Muizuddin Muhammad Mubarak Shah II (born Mubarak Khan; ; 1378 – 19 February 1434) was the Sultan of Delhi from 1421 to 1434 and the second monarch of the Sayyid dynasty which ruled the Delhi Sultanate. He was the son of Khizr Khan.

== Life ==

He succeeded his father, Khizr Khan to the throne in 1421. Born "Mubarak Khan", he took up the regnal name of Muizz-ud-Din Mubarak Shah or simply Mubarak Shah. The Sayyids were subservient to Timur's successor, Shah Rukh, and while Khizr Khan did not assume the title of sultan, Mubarak Shah was acknowledged as one and However, it is also known that Mubarak Shah received a robe and a chatr (a ceremonial parasol) from the Timurid capital of Herat which indicates that the fealty continued in his time.

During his reign, Mubarak Shah had to deal with the rise of local dynasties in the aftermath of the Timurid invasion of India.
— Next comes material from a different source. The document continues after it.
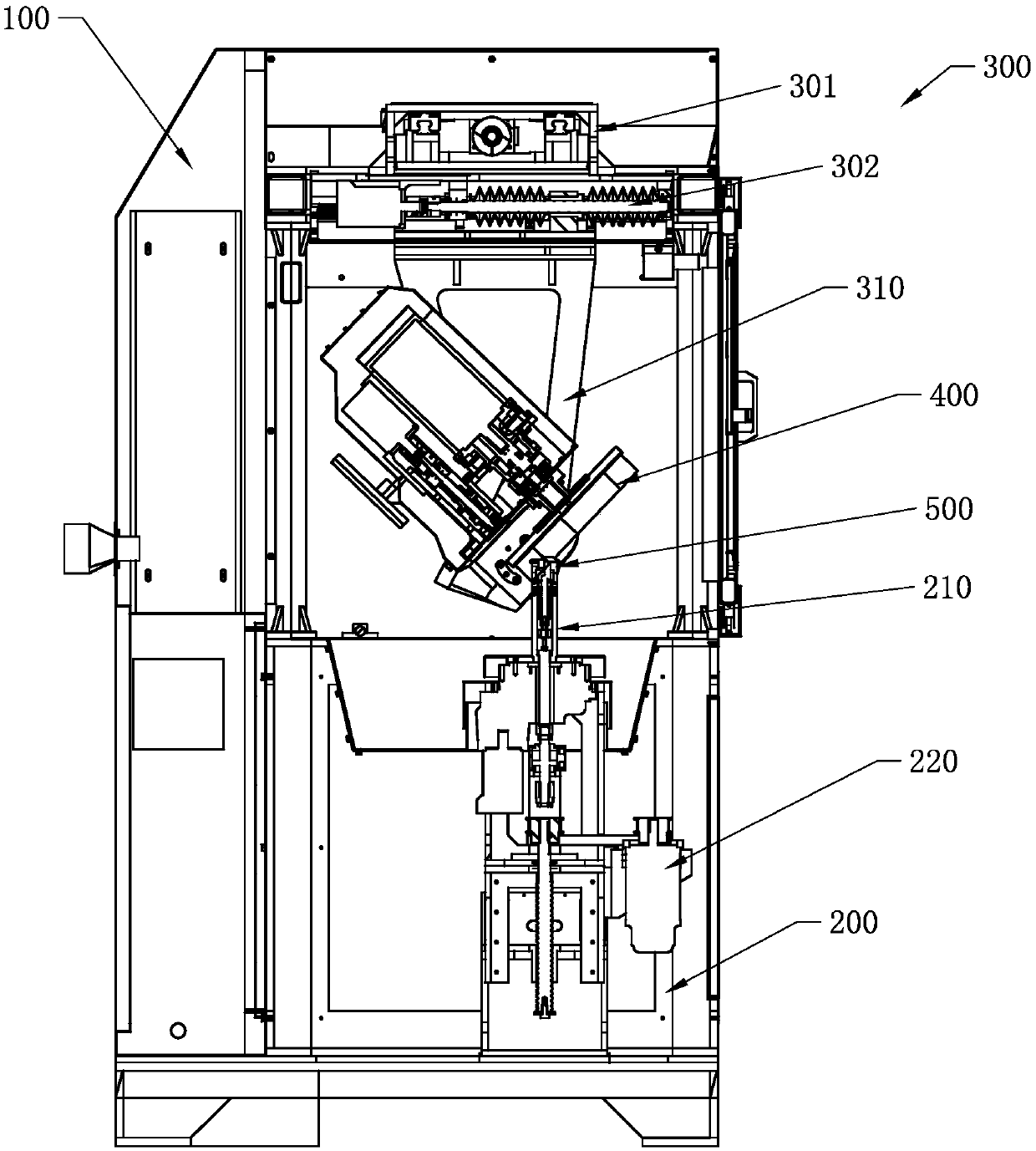 Six-axis servo polishing machine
However, the biggest threat to his power was that of Jasrat Khokhar, a Punjabi Muslim Khokhar chieftain from Punjab who had conquered vast territories from the Delhi sultanate and even aimed for Delhi in 1431. However, Jasrat Khokhar retreated once Mubarak Shah marched with a large army against him. Two years after this great victory, however, Mubarak Shah was murdered in 1434 and succeeded by his nephew, Muhammad Shah.